To determine whether CAA patients with amyloid spells have a higher risk of developing epilepsy compared with those without spells.

Cerebral amyloid angiopathy (CAA) is an age-related small vessel disease, characterized by progressive β-amyloid deposition within the walls of cortical and leptomeningeal vessels. Transient focal neurological episodes “amyloid spells” are increasingly recognized as an early and distinctive presentation of the disease. Although seizures are well described in CAA, the relationship between amyloid spells, and the risk of developing epilepsy remains poorly understood.

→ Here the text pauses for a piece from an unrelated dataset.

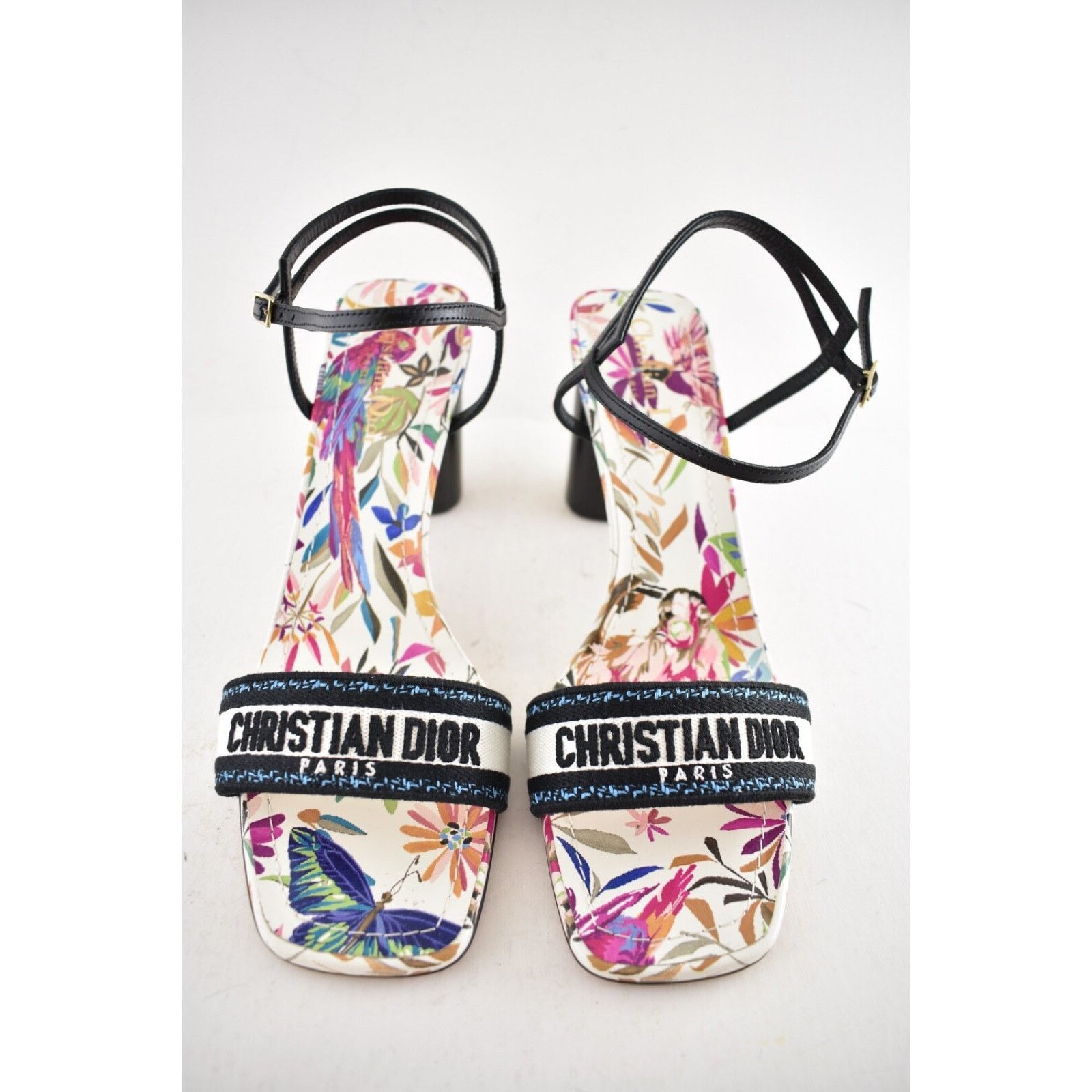 Dior Dior TDJ Fantastica Black Blue Dway Heeled Sandal Ankle Size US 9.5 / IT 39.5 - 7 Thumbnail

We retrospectively analyzed patients diagnosed with probable or definite CAA according to Boston Criteria 2.0 at a single center between 2015 and 2024. Clinical, laboratory, and MRI data were extracted and compared between patients with and without amyloid spells using chi-square and t-tests.

Among 375 patients with CAA (mean age 78 ± 6 years; 49.6% female), 127 (33.9%) experienced amyloid spells. Compared with those without spells, patients with spells were more likely to have a history of transient ischemic attack (18.6% vs 5.6%, p < 0.001) but did not differ in age, sex, vascular comorbidities, or laboratory markers. MRI analyses showed a nonsignificant trend toward greater cortical superficial siderosis in the spell group (p = 0.096), while lobar microbleed, white-matter hyperintensity, and small-vessel disease burdens were comparable. Epilepsy developed in 44.9% of patients with amyloid spells versus 2.4 % without (p < 0.001). Ischemic stroke was also more frequent among those with spells (33.1% vs 22.2%, p = 0.023), while intracerebral hemorrhage rates were similar (16.5% vs 19.4%, p = 0.505).

Amyloid spells are strong and independent predictor of future epilepsy in patients with CAA. These findings suggest that amyloid spells may represent an early biomarker of cortical hyperexcitability, highlighting the need for closer surveillance and early intervention in this subgroup.